Issue #14

Open-Source Agent Frameworks: What's Worth Your Time

Use an escalation ladder, not a hype ladder: stay in plain code longer than the market wants you to, move to a workflow framework when state and recovery become real, and reach for multi-agent coordination only when the job genuinely needs it.

Most teams compare agent frameworks too early. The better decision rule is to climb from plain code to workflow orchestration to multi-agent coordination only when runtime burden, recovery needs, and operator responsibility become real.

Open-Source Agent Frameworks: What's Worth Your Time - 60-second summary

Most teams evaluating agent frameworks are asking the question in the wrong order.

They start by comparing frameworks to each other before answering the more important question: do they need an agent framework at all?

If your application is basically a model call plus a few tool invocations, plain code is often the right answer.
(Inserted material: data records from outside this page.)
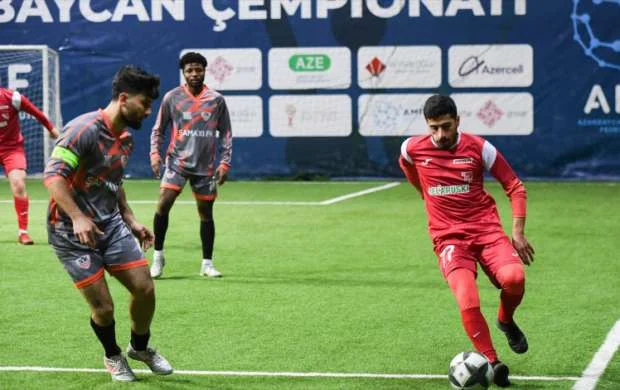 Minifutbol: Turun son oyunlarında "qol yağışı" 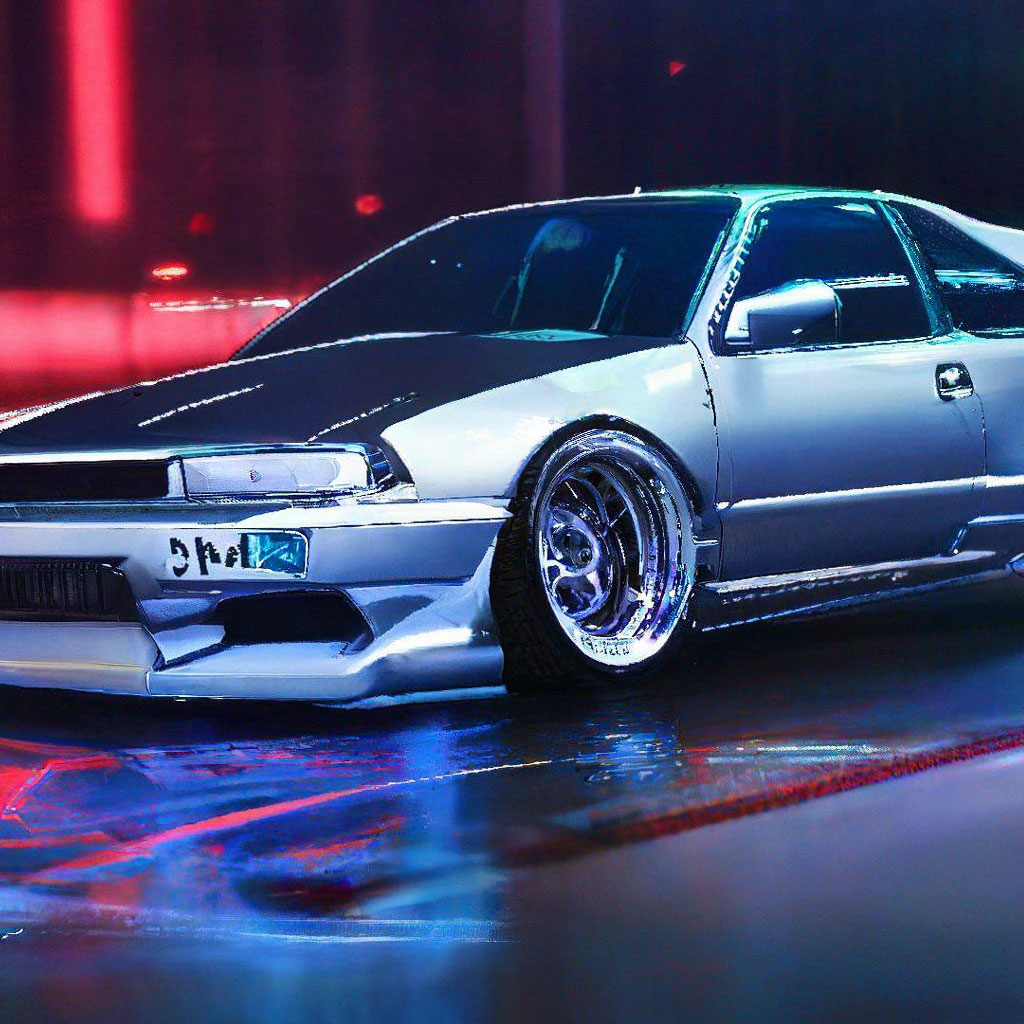 Автомобиль nissan Silvia s13 JDM высокая … | Захар Ч…» — Шедеврум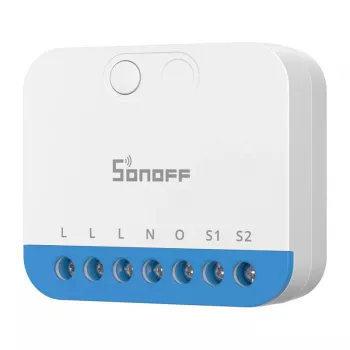 Sonoff MINI-ZBDIM Zigbee išmanus mini valdiklis / reguliatorius šviestuvams – kompaktiškas įmontuojamas modulis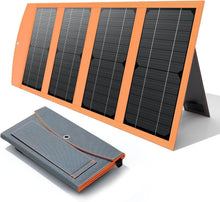 Load image into Gallery viewer, Lightweight 30W Solar Charger with Smart IC - Safe Charging in All Conditions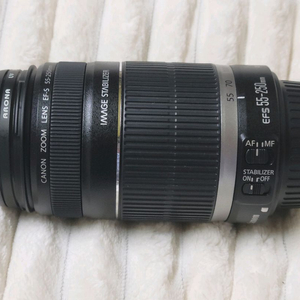 캐논 렌즈 EFS 55-250mm 망원렌즈 판매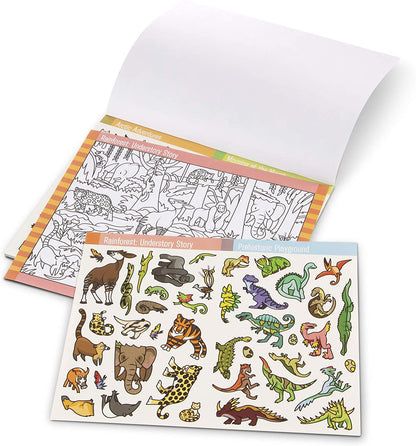 Animals Sticker Pad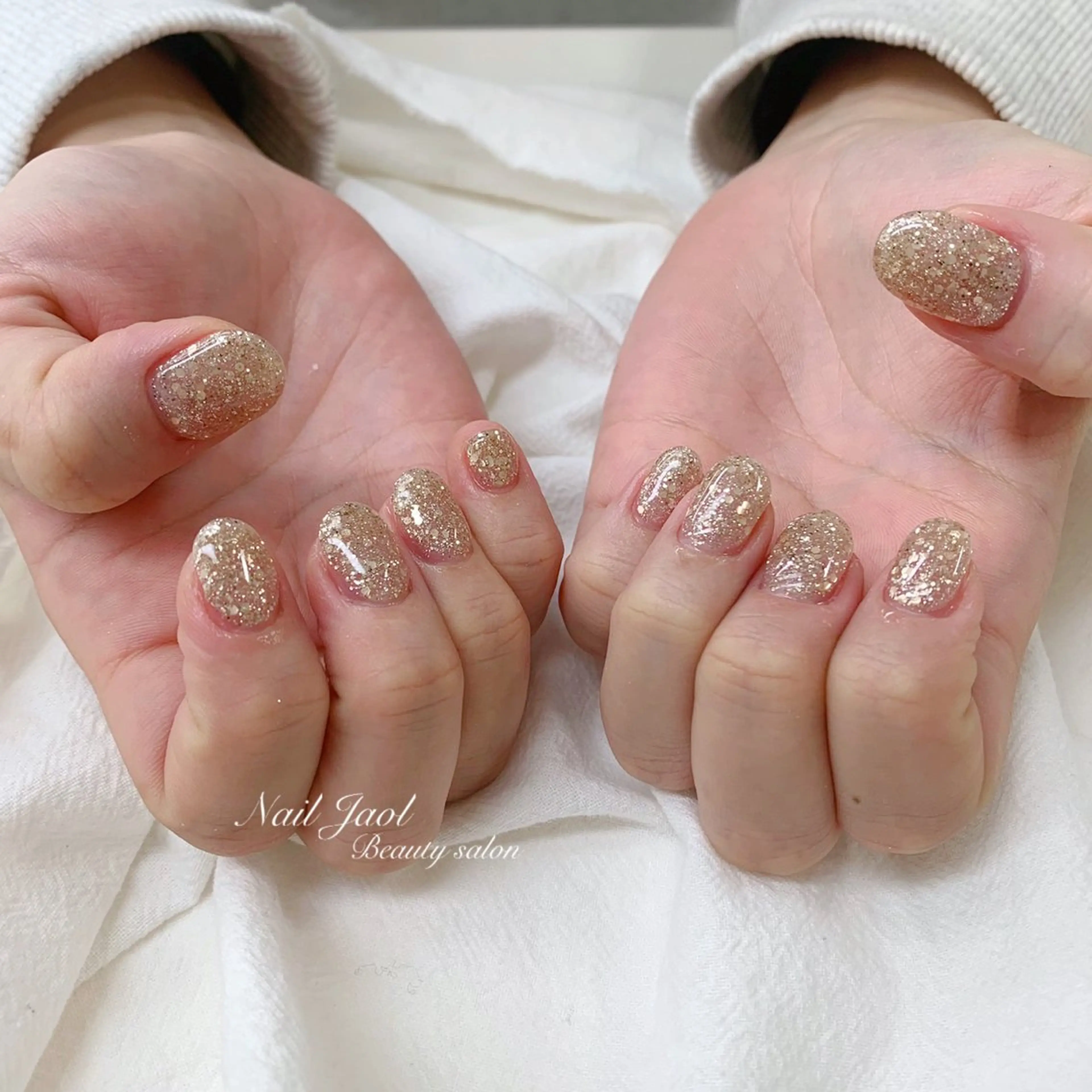 ショート ハンドネイル nail jaol池袋店所属・ネイルJaol 池袋のネイルデザイン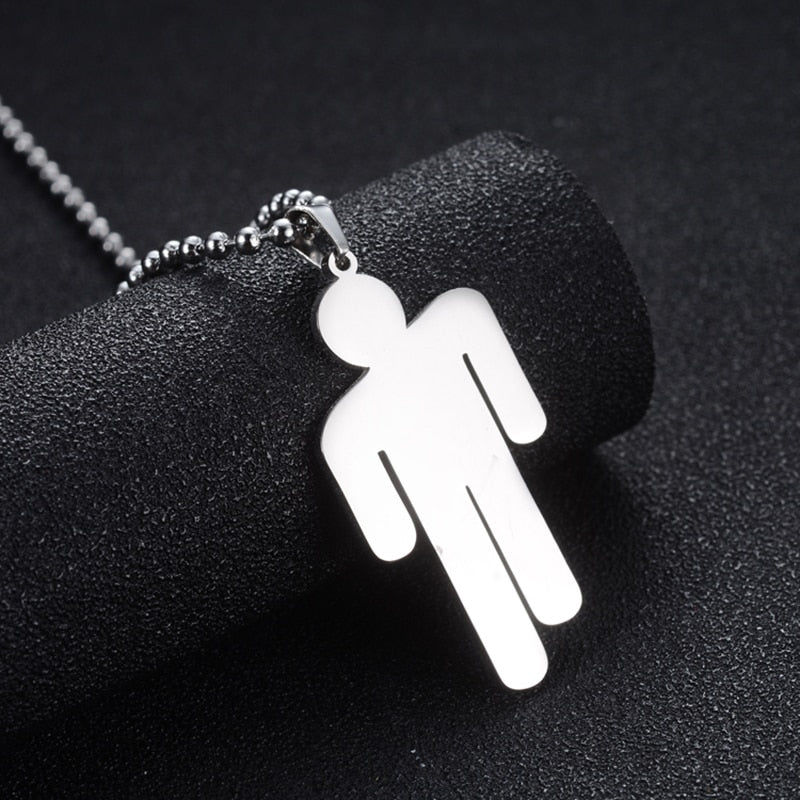 Billie Eilish Pendant Necklace - SD-style-shop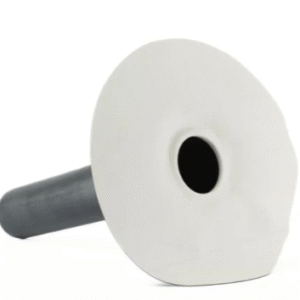ALPHATOR AFVOERTAP WIT Ø 75
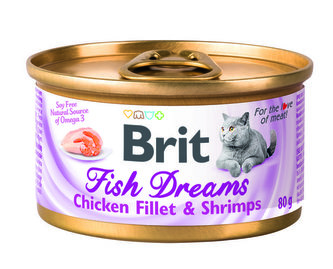 BRIT Fish Dreams Chicken fillet & Shrimps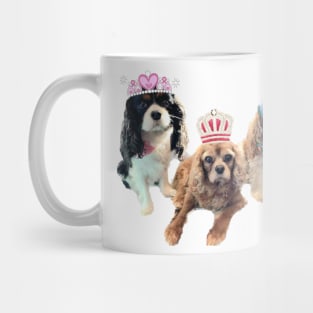 The 3 amigos, bff cavaliers Mug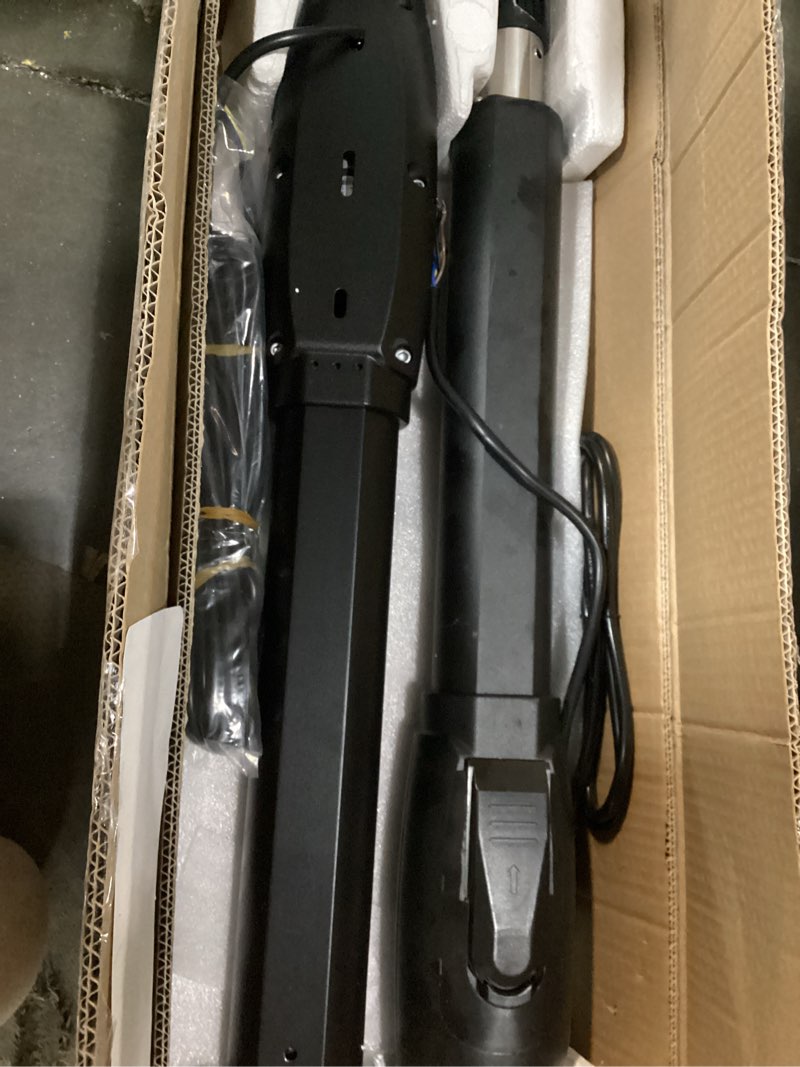 Condition photo showing Good Condition for co-z automatic dual swing gate opener kit, electric gate opener for doors up to 660lb*2 18ft, driveway home garden gate system for double swing gates, dual gate complete kit with remote control 660lb dual gate opener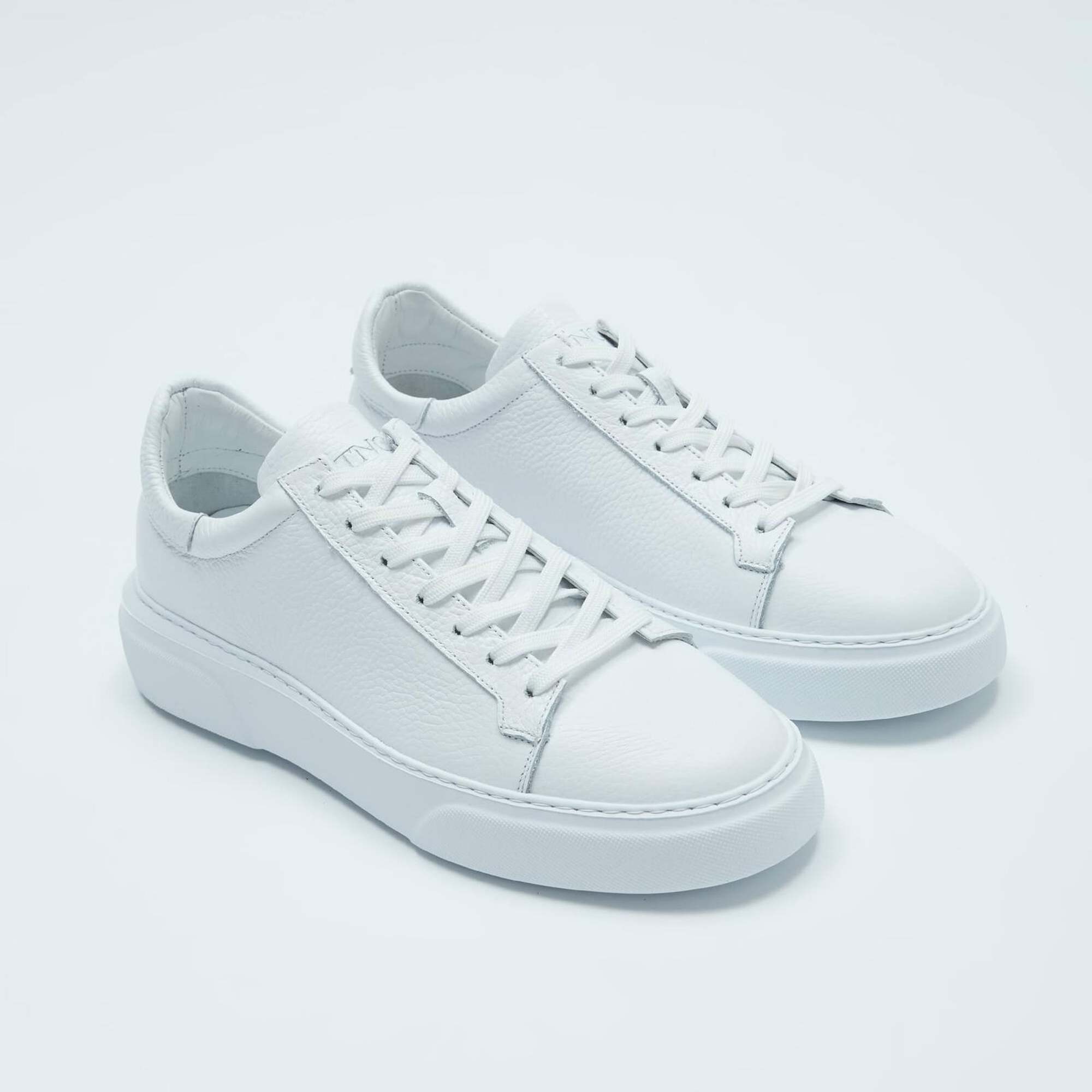 Tamer Tanca Erkek Hakiki Deri Beyaz Sneakers & Spor Ayakkabı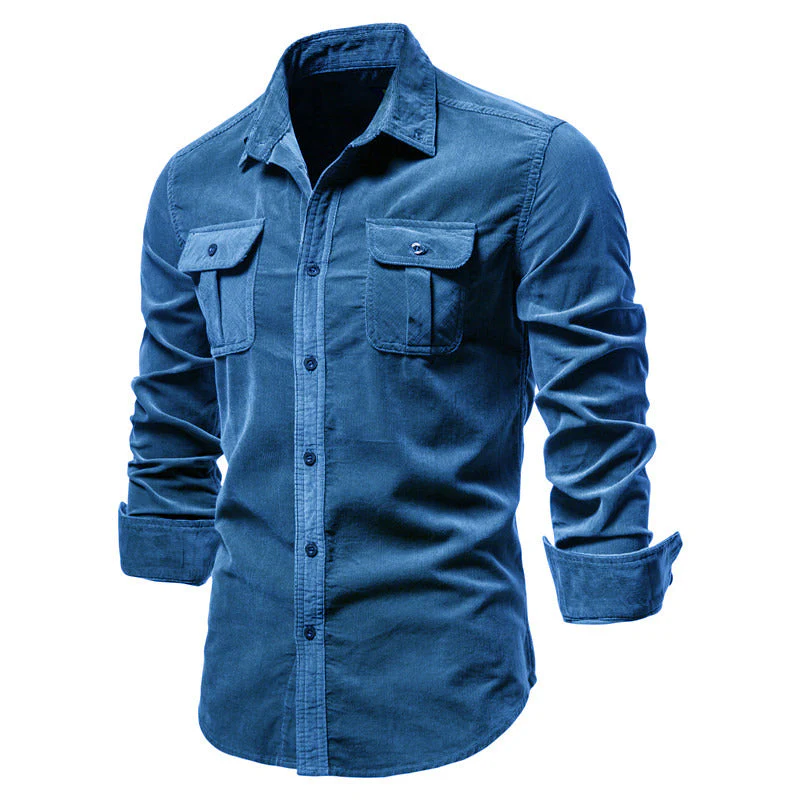 Matteo | Camicia Slim-Fit Elegante E Confortevole - Image 7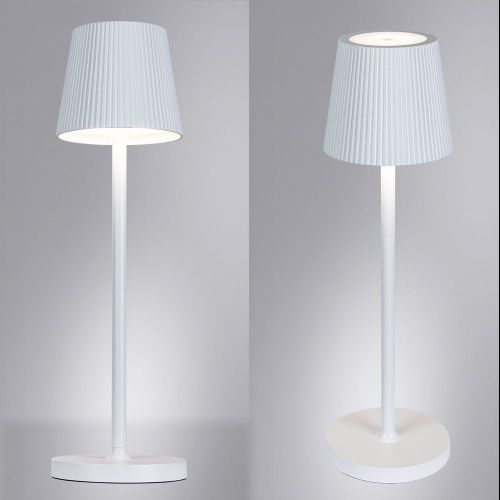 Уличный светильник Arte Lamp Fuyue (Фуыуе) A1616LT-1WH - фото 3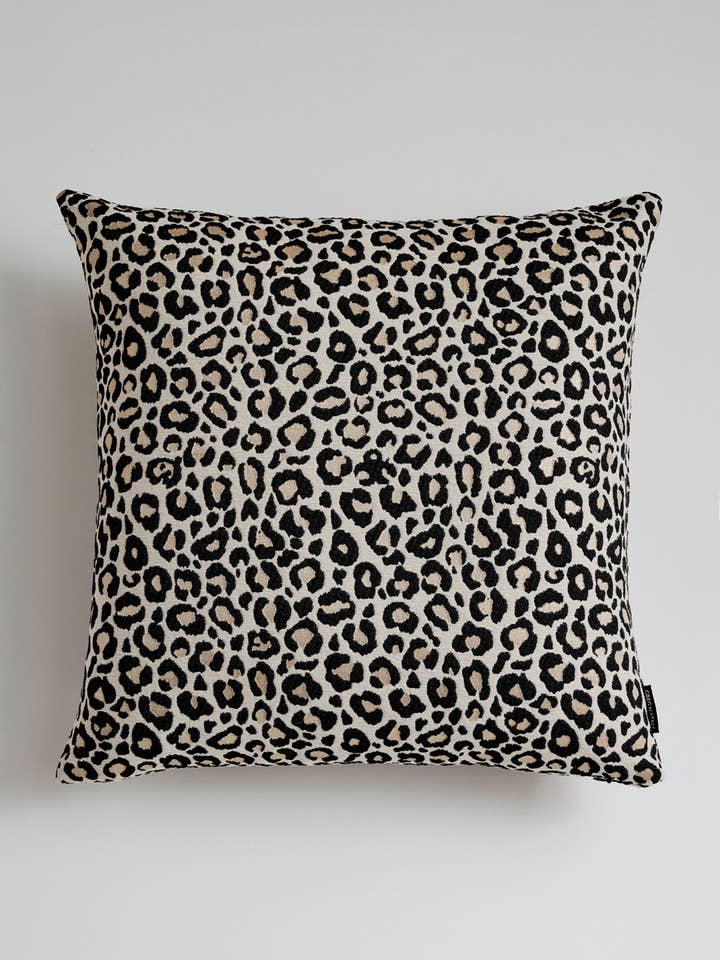 Amur Cushion Black for wholesale by Greg Natale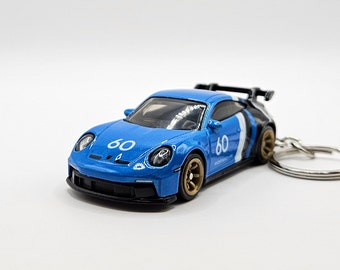 Porsche 911 GT3 Keychain (Free Gift Box)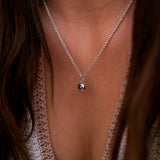 Personalised photo necklace - delicate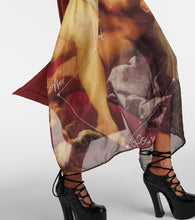 Vivienne Westwood Kiss printed T-shirt dress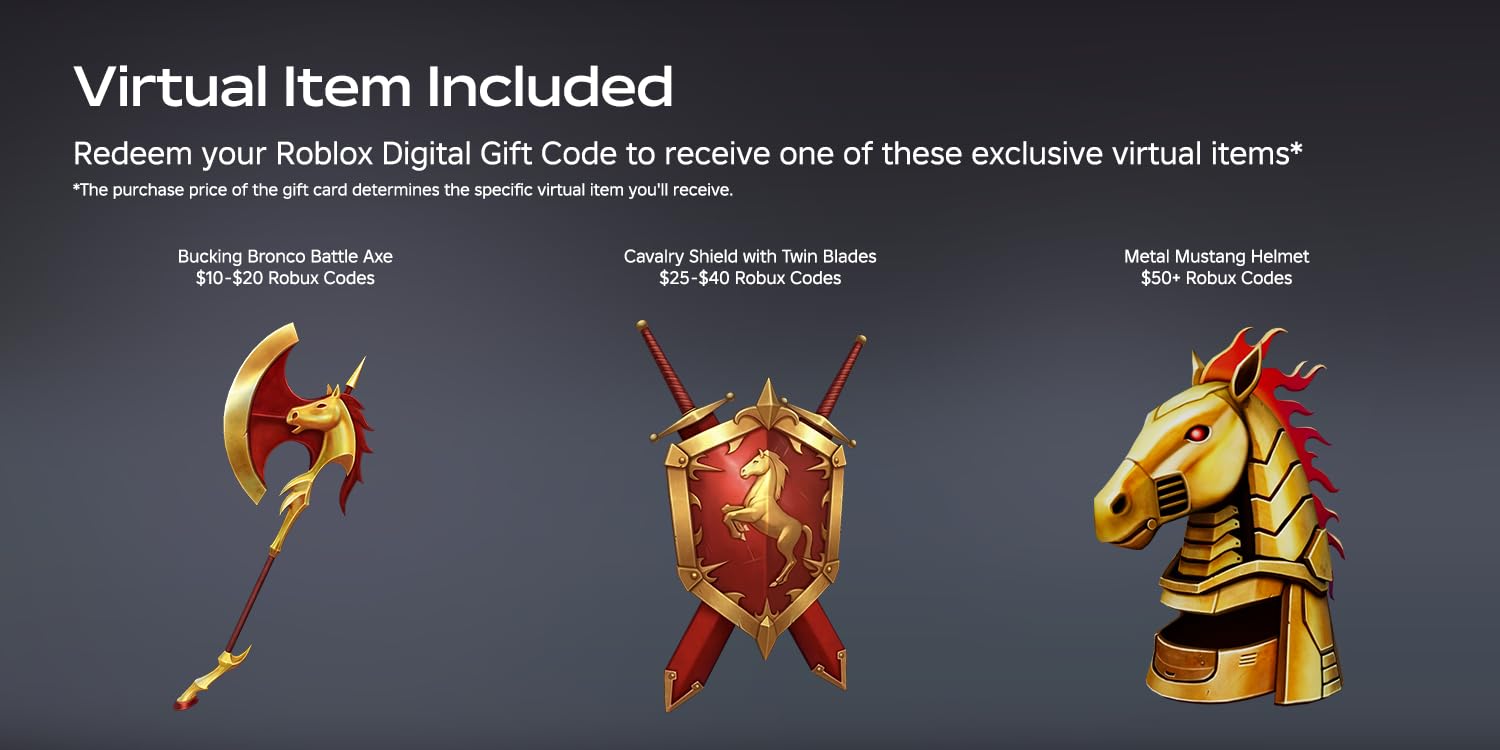 Roblox Digital Gift Card - 5,250 Robux [Includes Exclusive Virtual Item] [Digital Code]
If the real problem is state, retries, branching, approvals, and long-running work, you may need a workflow framework. If the job truly requires multiple specialized agents coordinating as peers, then a multi-agent framework starts to make sense.

That is the escalation ladder that matters: plain code, then workflow framework, then multi-agent framework.

Most teams should climb it slowly, because each step adds runtime and operator burden. The useful filter is not which framework looks most capable in a demo. It is which abstraction matches the failure modes, recovery needs, and operating burden your team is actually about to own.

The primary sources support a simpler rule than the usual ranking list: pick the lightest abstraction that still fits your runtime reality, then climb only when the operational burden becomes concrete.

Step 1: stay in plain code longer than the market wants you to

A surprising number of "agent" applications are still just structured software with a model in the loop.

If you have a small number of tools, a short-lived request, limited state, and no real need for resumability or human interruption, plain code is often enough. You may need typed inputs and outputs, a little provider portability, and good tracing. You do not necessarily need an agent runtime.

This is where the framework conversation often gets distorted. Teams adopt orchestration before they have orchestration problems. Then they inherit abstractions for state, workflows, and multi-agent coordination that the application did not actually need.

That is not sophistication. It is premature operational debt: more runtime to understand, more failure paths to inspect, and more framework behavior to govern before the application has earned it.

Step 2: move to a workflow framework when the hard part becomes state and recovery

Once the system needs to preserve progress, recover after interruption, pause for humans, or manage long-running work, plain code starts to get brittle. This is where a workflow-oriented framework earns its keep.

LangGraph is the clearest example in the current open-source stack. Its own overview describes it as a low-level orchestration framework and runtime for building, managing, and deploying long-running, stateful agents. The official docs explicitly center durable execution, human-in-the-loop, memory, and debugging and visibility.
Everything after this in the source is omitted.